Task inputs:
________________
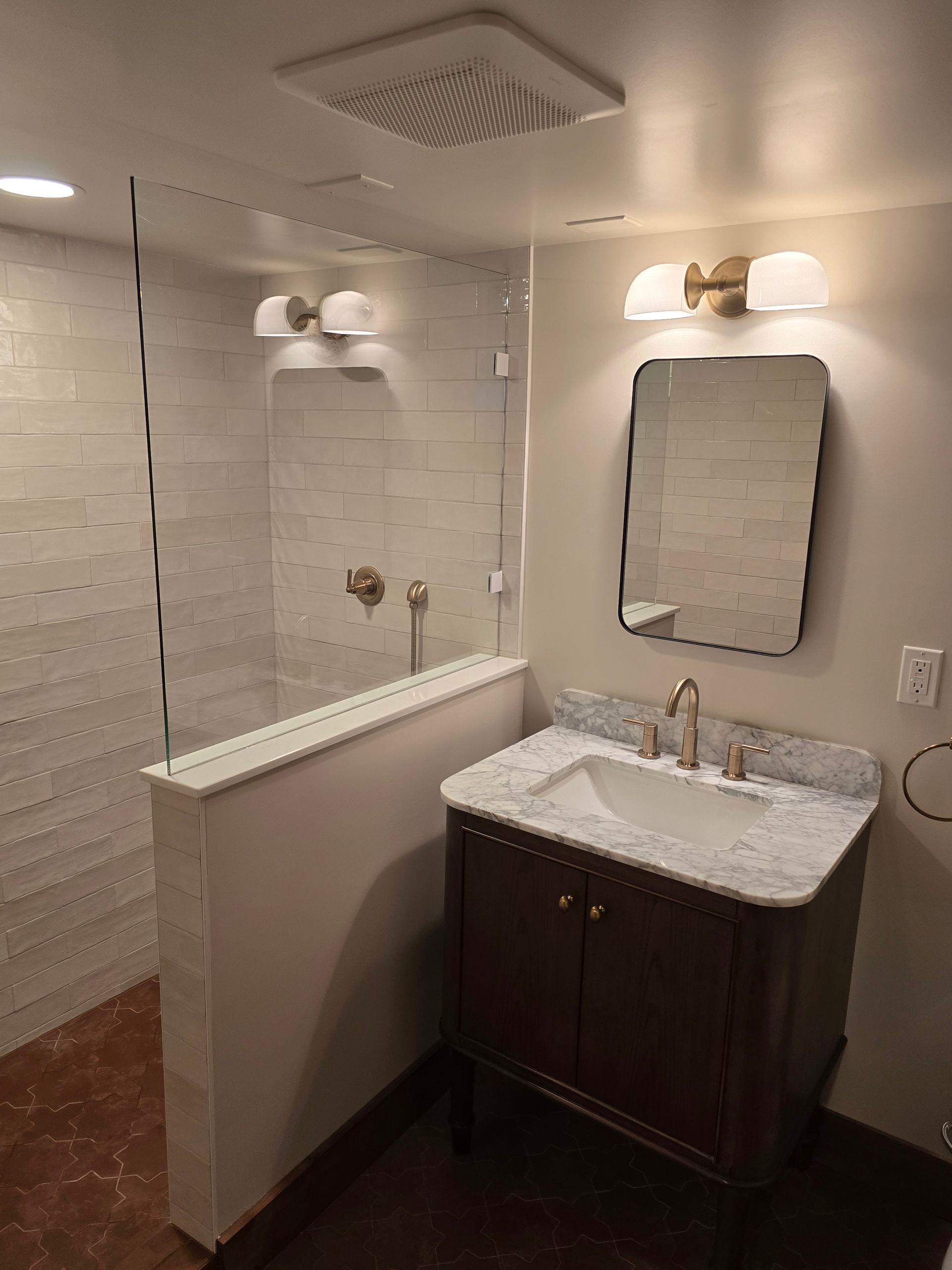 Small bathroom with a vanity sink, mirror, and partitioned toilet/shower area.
________________
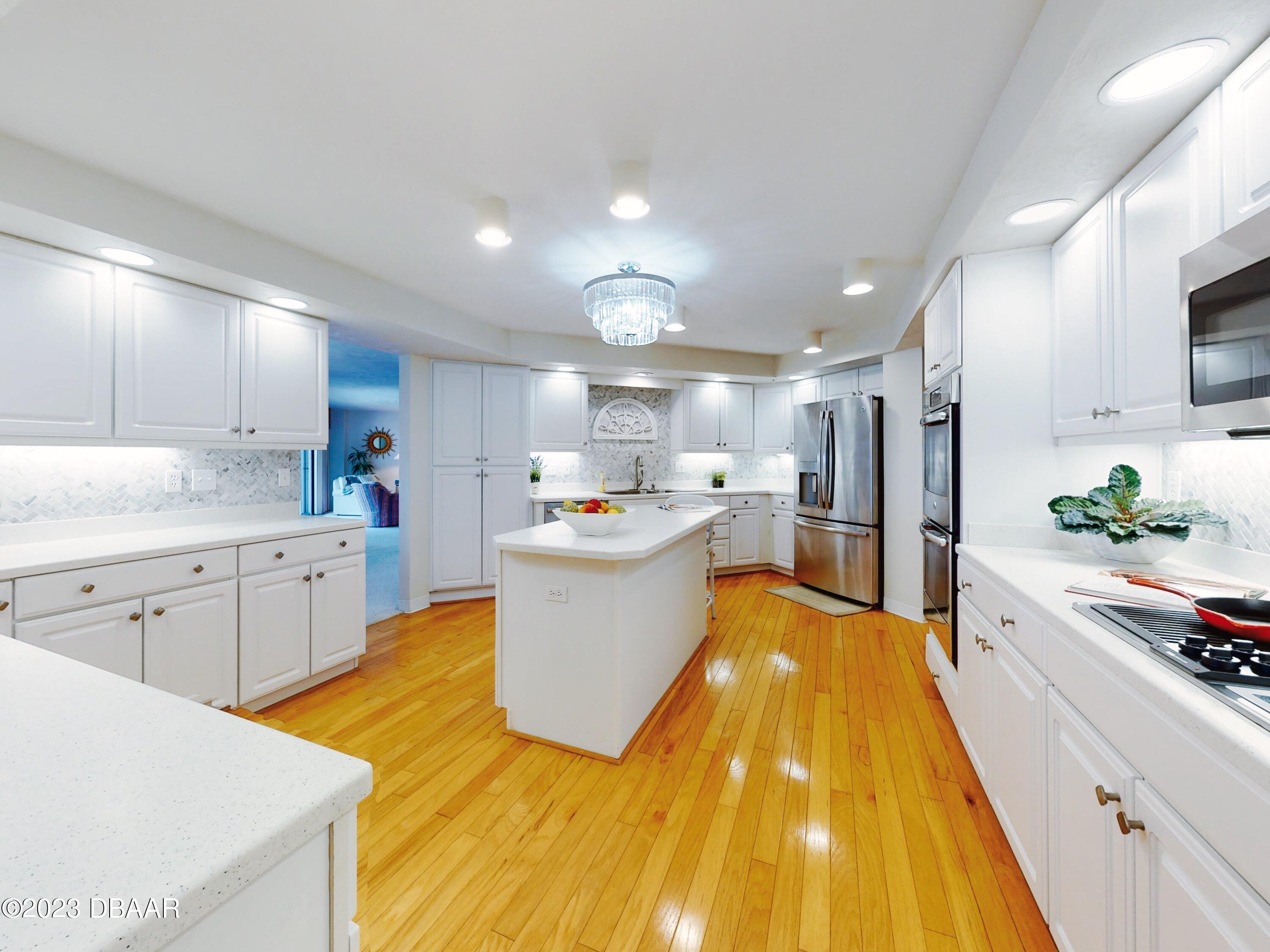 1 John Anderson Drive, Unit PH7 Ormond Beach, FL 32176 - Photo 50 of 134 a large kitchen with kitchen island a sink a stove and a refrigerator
________________
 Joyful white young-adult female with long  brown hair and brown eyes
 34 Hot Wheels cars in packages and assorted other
________________
Work order:
Here the output must be the lines above from the line with "Joyful white young-adult" to the line with "34 Hot Wheels", both included, duplicated word for word and nothing else.

Reply to the exercise:
 Joyful white young-adult female with long  brown hair and brown eyes
 34 Hot Wheels cars in packages and assorted other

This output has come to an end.